# DATA
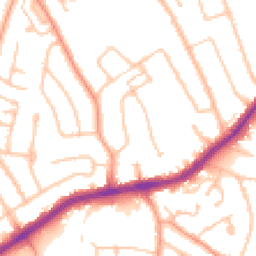 Daytime road noise heatmap for WV4 4DJ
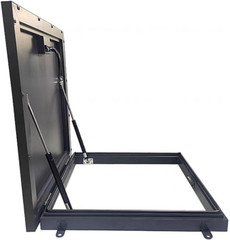 Galvanized Steel Roof Hatch – Secure Access Door (31.5″ x 31.5″)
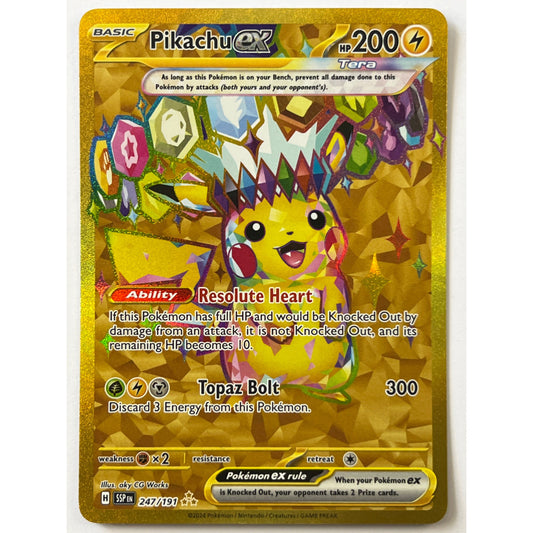 Pikachu EX Holo Hyper Rare 247/191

# INSTRUCTIONS FOR THE TASK
Everything in the material except the pictures should be restated word for word.

# ANSWER SPACE
 Daytime road noise heatmap for WV4 4DJ
 Galvanized Steel Roof Hatch – Secure Access Door (31.5″ x 31.5″)
 Pikachu EX Holo Hyper Rare 247/191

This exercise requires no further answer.